Bollinger Bands Commodity Trading Price Action in Ranging Commodity Trading Markets
Bollinger Bands Commodity Trading Indicator is also used to identify periods when a commodity market trend is overextended. The guidelines below are considered when applying this commodity indicator to a sideways commodities trend.
Bollinger Bands Commodity Trading Indicator is very important because it is used to give commodity trading signals that a commodity price breakout may be upcoming.
During a commodity trending market these techniques do not hold, this only holds as long as Bollinger Bands are pointing sideways.
- If the commodities trading market commodity price touches the upper band it can be considered overextended on the upside - overbought.
- If the commodities trading market commodity price touches the lower band the commodity price can be considered overextended on the bottom side - oversold.
One of the uses of Commodity Trading Bollinger Band indicator is to use the above overbought and oversold commodity trading guidelines to establish buy and sell targets during a ranging commodity market.
- If commodity price has bounced off the lower band crossed the center-line moving average then the upper band can be used a sell level.

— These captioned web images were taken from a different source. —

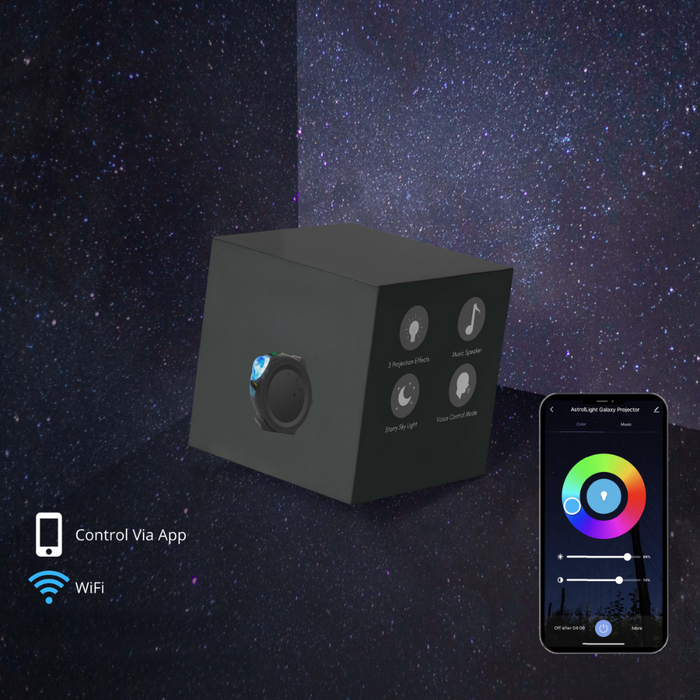 Galaxy Light Projector With Music Sync And Ambient Lighting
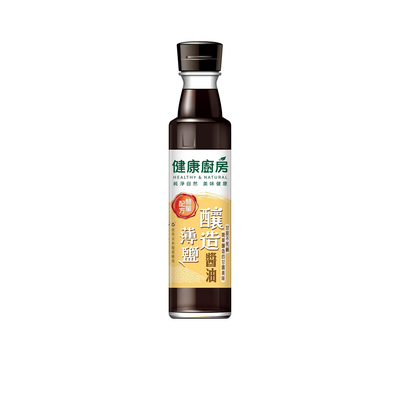 健康廚房釀造薄鹽醬油300ml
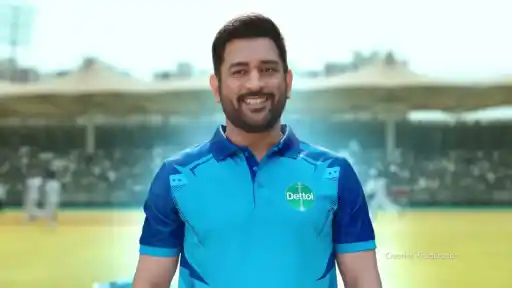 MS Dhoni ad in dettol’s icy cool summer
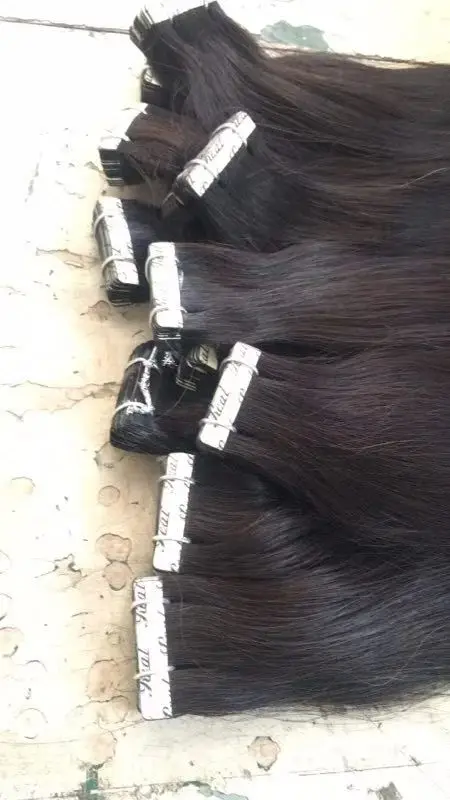 keratin hair extensions genius weft hair extensions 100% real virgin Brazilian human weft clip ins tapes human hair extensions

- If commodity price bounces down off the upper band crosses below the center moving average the lower band can be used as a buy level.

Bollinger Bands in Ranging Commodity Trading Markets - Bollinger Bands Strategy
In the above ranging commodity market the instances when the price hits the upper or lower bands can be used as profit targets for long/short commodity trade positions.
Commodity trades can be opened when the commodities trading market hits the upper resistance level or lower support level. A stop loss order should be placed a few pips above or below depending on the commodity trade opened, just in case the commodity price action breaks out of the range within these Bollinger bands.